China’s policy of non-interference enables it to support absolute dictatorships while providing economic assistance without which these regimes would collapse.  The countries now under authoritarian dictatorships with the blessings of China on its southern border are: Cambodia, Myanmar, Vietnam and Laos. It’s a blot on China’s foreign policy considering its success in the Middle East — the Iran-Saudi rapport—a breakthrough in South America by forging links to Brazil and success in many African countries. The only exception is Thailand among its Southern neighbours which is pro-Western in foreign policy but dares not antagonise the emerging superpower on its northern border by assisting the rebels in neighbouring Myanmar.

Sri Lanka had strong Buddhist links with Myanmar — earlier known as Burma — the land of the Pagodas. Since Gen Ne Win seized power in 1962 and his regime was followed by successive military dictatorships to date, relations between the two countries had waned.

But under President Gotabaya Rajapaksa, a former Lt. Colonel in the Sri Lankan army, relations with the Myanmar Junta picked up and appears to be building up after him. A state-controlled newspaper in Sri Lanka on May 5 headlined a story where Prime Minister Dinesh Gunawardena felicitated leading Buddhist monks ‘who were honoured by the Republic of Myanmar’ at a ceremony held at Temple Trees on May 03. The ceremony was attended by ministers, parliamentarians, government officials and Myanmar’s Ambassador U Han, the report said.

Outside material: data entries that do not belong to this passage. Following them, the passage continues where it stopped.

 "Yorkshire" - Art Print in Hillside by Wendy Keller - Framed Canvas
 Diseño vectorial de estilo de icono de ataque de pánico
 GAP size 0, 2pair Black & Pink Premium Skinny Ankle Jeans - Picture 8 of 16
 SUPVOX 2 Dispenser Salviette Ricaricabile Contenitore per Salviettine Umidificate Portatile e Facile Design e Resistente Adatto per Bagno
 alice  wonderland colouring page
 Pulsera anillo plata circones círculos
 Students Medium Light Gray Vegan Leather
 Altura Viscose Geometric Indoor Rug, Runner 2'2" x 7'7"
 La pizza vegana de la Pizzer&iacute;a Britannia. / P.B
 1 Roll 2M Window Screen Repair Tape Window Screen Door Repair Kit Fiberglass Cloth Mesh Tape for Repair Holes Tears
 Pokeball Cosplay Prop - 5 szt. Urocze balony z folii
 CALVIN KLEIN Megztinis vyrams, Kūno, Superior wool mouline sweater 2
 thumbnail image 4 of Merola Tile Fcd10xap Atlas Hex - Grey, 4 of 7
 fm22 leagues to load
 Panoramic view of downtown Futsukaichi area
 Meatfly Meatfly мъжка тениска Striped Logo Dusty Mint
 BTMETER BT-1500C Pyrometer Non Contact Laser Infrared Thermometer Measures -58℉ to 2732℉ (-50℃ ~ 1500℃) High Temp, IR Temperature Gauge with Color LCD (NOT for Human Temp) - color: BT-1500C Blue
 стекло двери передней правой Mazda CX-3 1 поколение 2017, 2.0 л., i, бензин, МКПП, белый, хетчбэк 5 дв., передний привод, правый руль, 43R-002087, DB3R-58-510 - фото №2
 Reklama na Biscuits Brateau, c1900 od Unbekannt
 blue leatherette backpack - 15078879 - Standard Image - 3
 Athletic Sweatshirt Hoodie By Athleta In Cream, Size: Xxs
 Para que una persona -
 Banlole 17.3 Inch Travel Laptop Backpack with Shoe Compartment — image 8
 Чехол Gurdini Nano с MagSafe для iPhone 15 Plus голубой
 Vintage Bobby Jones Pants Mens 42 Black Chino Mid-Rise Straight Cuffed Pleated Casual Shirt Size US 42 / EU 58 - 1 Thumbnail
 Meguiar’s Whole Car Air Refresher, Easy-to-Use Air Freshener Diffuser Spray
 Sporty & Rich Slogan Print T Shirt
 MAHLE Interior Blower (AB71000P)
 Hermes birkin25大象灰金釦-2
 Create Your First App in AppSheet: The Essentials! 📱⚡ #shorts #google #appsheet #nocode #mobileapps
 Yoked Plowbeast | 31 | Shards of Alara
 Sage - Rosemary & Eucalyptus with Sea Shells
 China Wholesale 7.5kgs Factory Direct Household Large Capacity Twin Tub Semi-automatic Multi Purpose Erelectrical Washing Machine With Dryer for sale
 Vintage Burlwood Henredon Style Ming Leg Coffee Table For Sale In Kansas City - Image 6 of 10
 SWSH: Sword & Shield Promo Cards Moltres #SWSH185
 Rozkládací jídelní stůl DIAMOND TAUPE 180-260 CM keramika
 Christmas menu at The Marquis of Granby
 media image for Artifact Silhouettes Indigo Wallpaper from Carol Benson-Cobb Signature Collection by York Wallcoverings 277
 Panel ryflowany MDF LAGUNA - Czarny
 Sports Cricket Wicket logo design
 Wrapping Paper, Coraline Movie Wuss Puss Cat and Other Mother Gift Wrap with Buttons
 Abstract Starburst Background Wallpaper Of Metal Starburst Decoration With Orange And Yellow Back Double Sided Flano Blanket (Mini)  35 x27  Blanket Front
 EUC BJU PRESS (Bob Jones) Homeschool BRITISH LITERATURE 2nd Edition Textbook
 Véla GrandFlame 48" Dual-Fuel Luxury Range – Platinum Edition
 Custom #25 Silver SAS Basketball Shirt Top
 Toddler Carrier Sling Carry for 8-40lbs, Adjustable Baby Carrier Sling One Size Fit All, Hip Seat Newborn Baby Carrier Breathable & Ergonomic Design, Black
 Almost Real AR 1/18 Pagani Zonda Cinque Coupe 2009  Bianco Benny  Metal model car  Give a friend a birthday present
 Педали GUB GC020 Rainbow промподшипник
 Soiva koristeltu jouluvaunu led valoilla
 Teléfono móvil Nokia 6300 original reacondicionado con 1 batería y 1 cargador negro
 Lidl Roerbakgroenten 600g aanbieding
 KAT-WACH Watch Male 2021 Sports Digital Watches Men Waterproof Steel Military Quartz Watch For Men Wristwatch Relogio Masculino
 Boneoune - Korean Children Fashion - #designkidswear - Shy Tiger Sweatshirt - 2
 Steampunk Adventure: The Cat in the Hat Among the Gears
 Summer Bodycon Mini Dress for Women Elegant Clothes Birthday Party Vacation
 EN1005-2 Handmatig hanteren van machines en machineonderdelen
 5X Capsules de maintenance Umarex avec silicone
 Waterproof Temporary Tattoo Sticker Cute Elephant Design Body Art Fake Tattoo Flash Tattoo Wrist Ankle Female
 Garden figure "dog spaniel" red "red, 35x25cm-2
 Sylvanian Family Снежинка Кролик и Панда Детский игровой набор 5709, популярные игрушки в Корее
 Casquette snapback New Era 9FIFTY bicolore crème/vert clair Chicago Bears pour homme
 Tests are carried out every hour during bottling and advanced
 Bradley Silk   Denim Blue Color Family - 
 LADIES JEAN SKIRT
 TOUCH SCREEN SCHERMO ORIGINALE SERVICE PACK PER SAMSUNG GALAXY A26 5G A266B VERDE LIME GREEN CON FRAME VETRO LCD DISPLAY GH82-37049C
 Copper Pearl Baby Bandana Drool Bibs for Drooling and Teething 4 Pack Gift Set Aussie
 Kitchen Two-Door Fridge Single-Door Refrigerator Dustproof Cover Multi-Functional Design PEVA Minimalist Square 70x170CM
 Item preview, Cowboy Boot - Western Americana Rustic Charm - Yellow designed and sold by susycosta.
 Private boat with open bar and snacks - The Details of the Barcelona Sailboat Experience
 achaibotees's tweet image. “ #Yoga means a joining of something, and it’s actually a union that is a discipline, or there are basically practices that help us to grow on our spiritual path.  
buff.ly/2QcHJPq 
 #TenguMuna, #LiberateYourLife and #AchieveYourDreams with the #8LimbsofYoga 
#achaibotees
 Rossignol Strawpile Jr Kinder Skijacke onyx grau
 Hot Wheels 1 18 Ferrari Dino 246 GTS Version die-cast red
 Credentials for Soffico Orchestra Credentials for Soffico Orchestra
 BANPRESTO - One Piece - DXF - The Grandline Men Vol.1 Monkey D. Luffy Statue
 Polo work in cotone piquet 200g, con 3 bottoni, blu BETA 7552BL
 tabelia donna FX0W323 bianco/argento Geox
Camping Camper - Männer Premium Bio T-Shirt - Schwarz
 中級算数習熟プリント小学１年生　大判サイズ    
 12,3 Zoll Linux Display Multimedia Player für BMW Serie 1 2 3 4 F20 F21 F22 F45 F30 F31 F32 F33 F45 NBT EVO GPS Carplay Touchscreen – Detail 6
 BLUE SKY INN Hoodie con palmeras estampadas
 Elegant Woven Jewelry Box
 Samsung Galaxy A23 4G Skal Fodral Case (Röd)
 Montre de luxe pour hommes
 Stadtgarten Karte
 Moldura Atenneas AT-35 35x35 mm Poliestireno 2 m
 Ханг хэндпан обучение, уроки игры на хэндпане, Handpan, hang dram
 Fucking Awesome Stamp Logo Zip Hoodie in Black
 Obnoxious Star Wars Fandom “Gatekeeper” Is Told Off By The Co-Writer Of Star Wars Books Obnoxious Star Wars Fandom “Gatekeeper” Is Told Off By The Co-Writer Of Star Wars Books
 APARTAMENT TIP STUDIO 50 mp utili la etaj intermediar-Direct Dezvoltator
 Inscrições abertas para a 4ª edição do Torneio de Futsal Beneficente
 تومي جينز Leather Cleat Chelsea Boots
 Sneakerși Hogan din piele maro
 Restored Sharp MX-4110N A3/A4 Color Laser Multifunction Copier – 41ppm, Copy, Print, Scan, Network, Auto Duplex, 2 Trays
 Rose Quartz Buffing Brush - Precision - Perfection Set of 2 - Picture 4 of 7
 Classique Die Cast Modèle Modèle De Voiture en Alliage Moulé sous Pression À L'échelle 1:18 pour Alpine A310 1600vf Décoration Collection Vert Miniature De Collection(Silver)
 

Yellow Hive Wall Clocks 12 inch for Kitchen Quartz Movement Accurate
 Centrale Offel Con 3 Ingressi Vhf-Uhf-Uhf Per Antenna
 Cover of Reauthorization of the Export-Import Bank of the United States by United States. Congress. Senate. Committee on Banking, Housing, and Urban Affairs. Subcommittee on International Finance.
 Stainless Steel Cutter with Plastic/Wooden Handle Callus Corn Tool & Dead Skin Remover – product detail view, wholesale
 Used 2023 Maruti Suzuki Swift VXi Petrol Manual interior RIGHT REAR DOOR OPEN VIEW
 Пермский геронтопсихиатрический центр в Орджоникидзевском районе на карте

While strengthening relations between the Buddhist clergy of Myanmar and Lanka is welcome, should the Sri Lanka government patronise events sponsored by the military junta which is killing people of Myanmar (70 percent Buddhist), has been keeping the country under its military jackboot for over two years and throwing democratically elected leaders behind bars to last a lifetime? Sri Lanka has been a democracy for 78 years and its people voting with their feet threw out a government of a former military officer moving towards authoritarianism only last year. We still go under the description of a Democratic Republic.

Do the people of Lanka approve the conduct of the Myanmar military junta? Should our Foreign Policy be a projection of the sovereign will of the people?